• Exercise aim:
Retype, word for word, the line holding "MotoFab 2-Inch Front" and every line below it to the end of the listing. Leave out the pictures.

• The data:
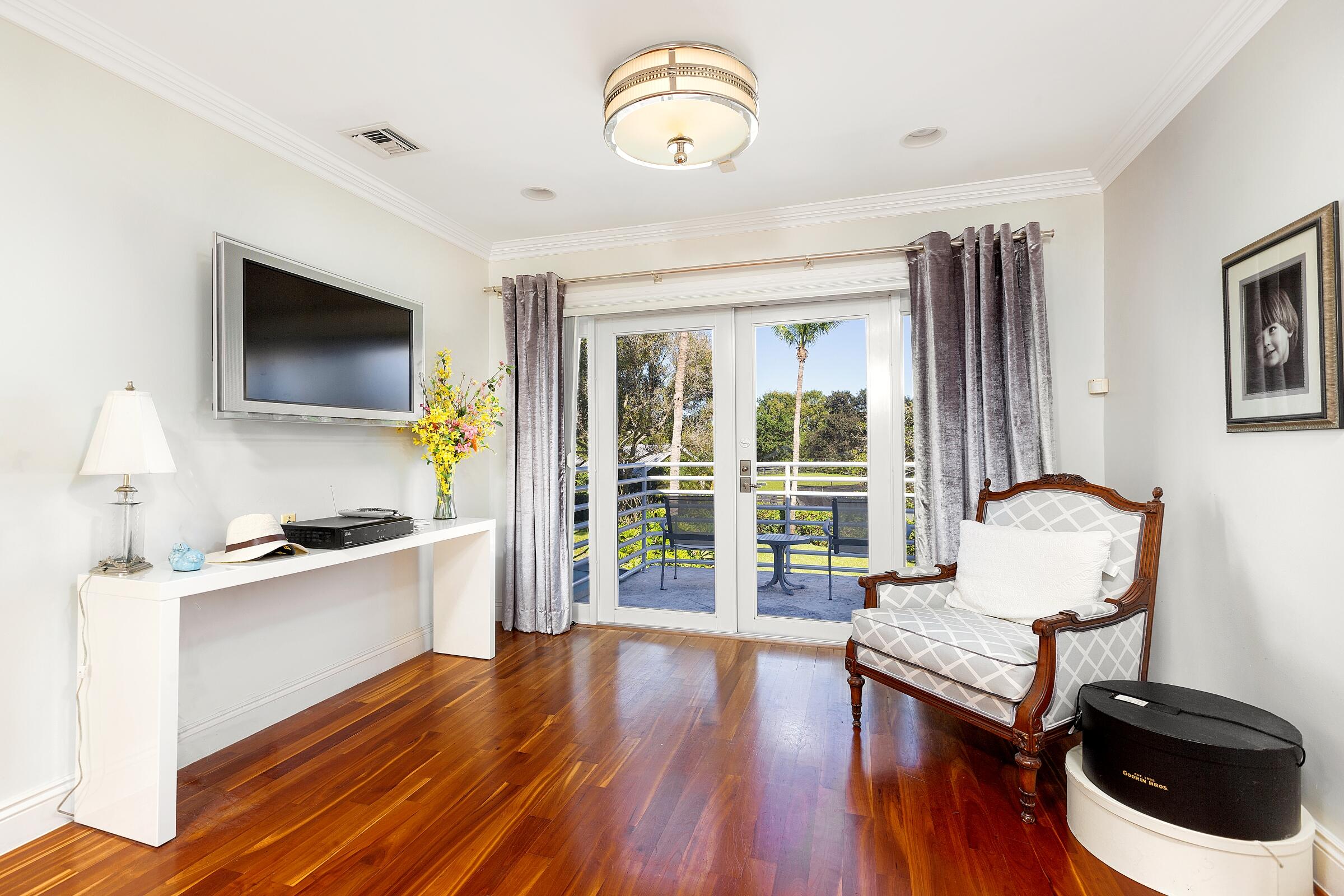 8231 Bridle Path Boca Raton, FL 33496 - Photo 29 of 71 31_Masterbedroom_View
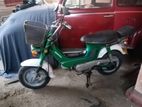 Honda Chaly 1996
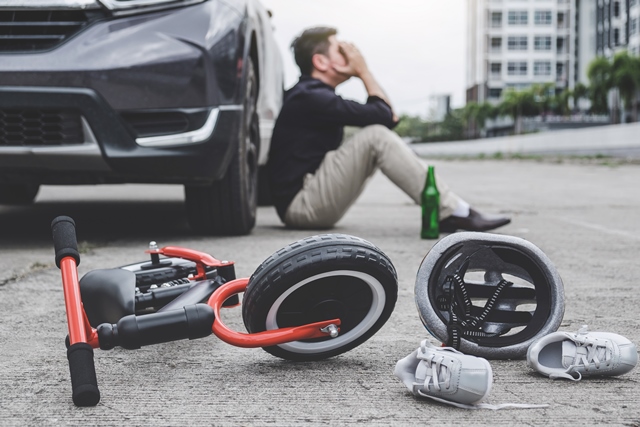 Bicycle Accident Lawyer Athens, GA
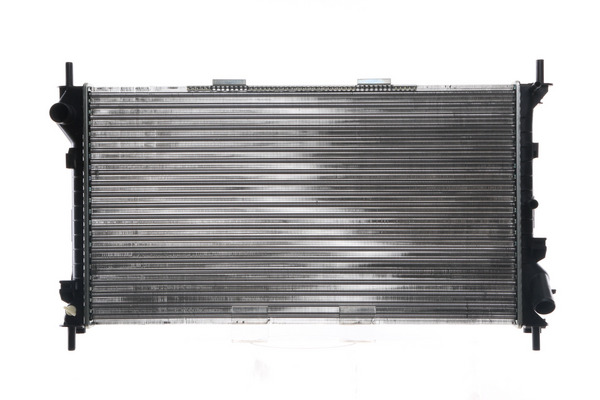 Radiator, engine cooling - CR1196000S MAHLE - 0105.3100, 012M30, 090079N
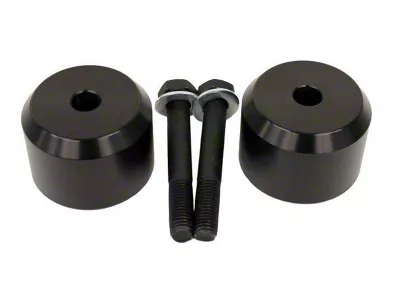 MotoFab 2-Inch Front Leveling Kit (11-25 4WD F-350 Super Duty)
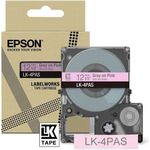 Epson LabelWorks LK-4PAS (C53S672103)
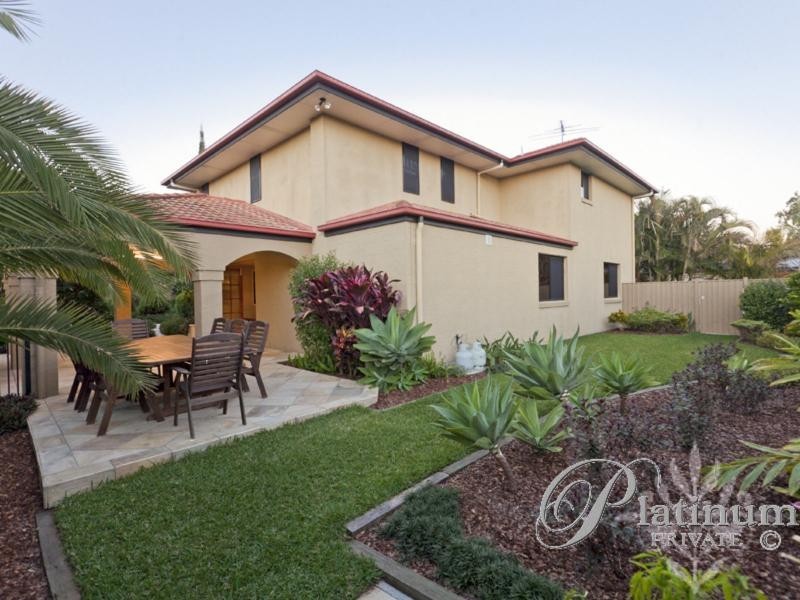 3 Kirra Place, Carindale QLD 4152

• Exercise answer:
 MotoFab 2-Inch Front Leveling Kit (11-25 4WD F-350 Super Duty)
 Epson LabelWorks LK-4PAS (C53S672103)
 3 Kirra Place, Carindale QLD 4152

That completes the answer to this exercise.